### Aim of the task
Take the lines from the one with "91家纺网 家纺一手货源 找家纺 星期八 2023新款全棉豆豆春秋被夏被 简笔熊" through the end of the material below and repeat them exactly, dropping every picture.

### Provided data
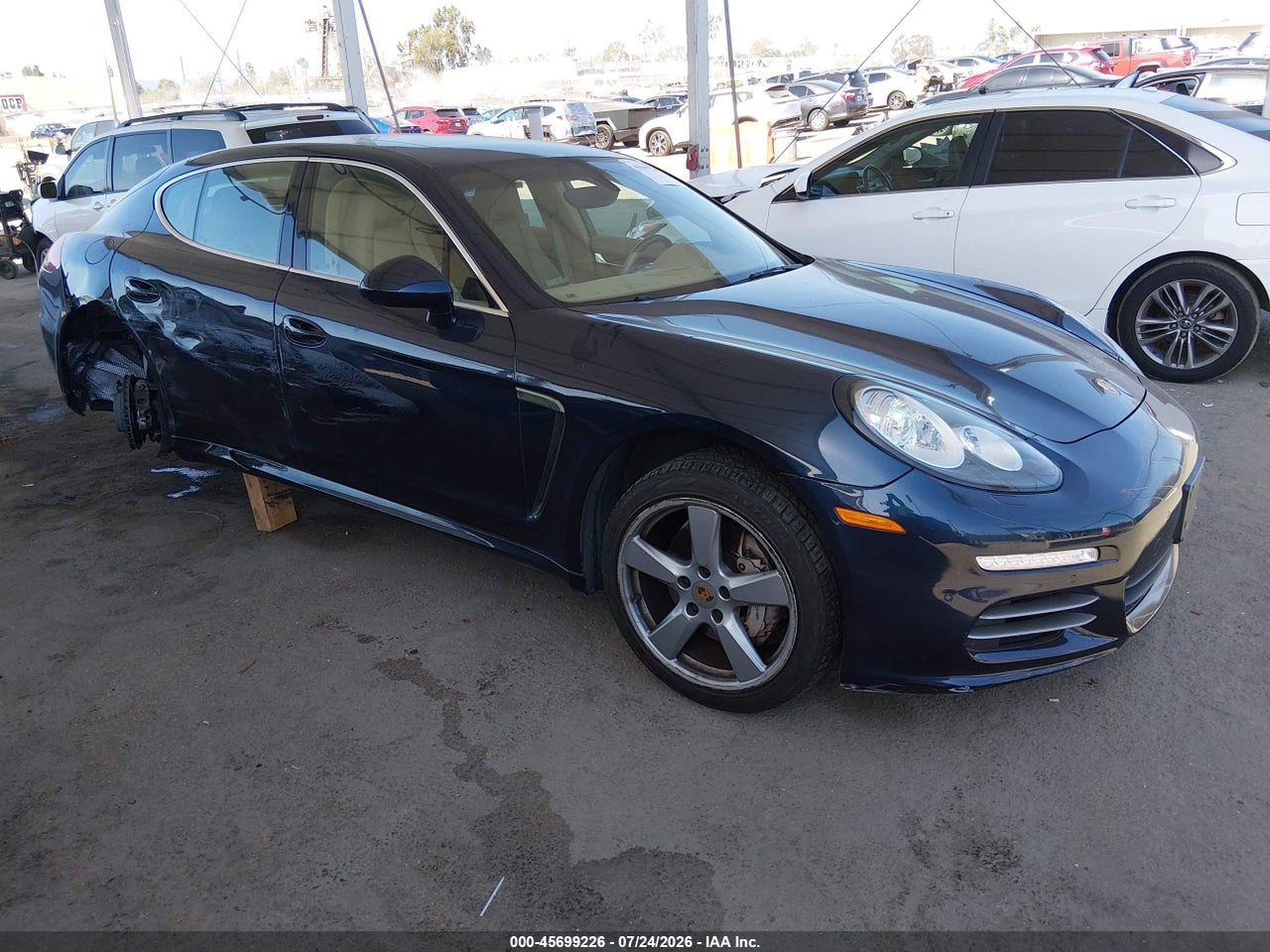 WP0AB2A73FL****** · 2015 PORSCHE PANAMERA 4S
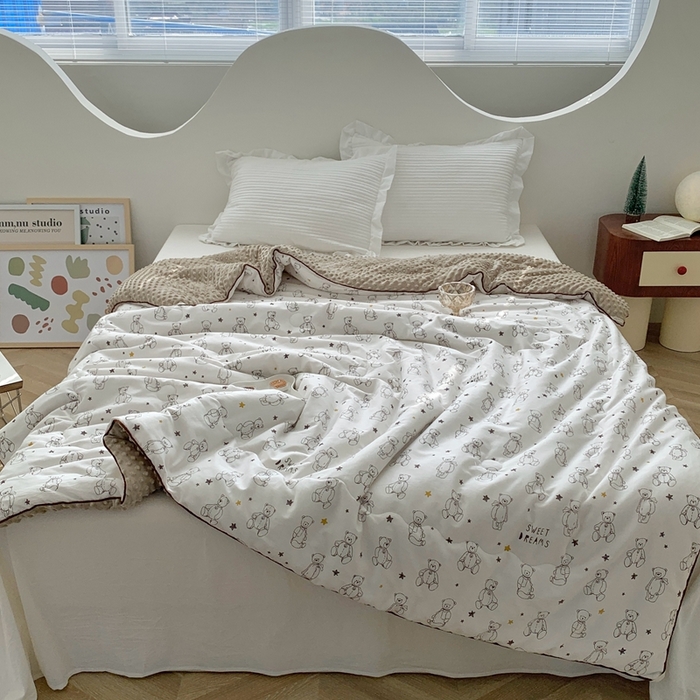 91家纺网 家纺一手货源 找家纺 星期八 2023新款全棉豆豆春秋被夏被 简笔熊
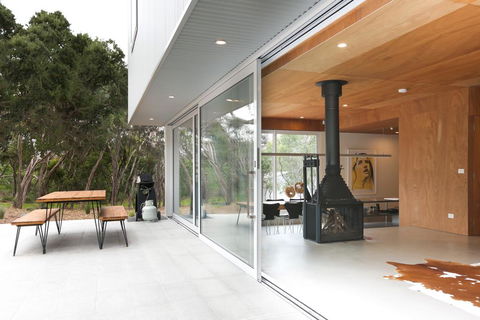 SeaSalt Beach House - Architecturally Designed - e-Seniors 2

### Reply to the task
 91家纺网 家纺一手货源 找家纺 星期八 2023新款全棉豆豆春秋被夏被 简笔熊
 SeaSalt Beach House - Architecturally Designed - e-Seniors 2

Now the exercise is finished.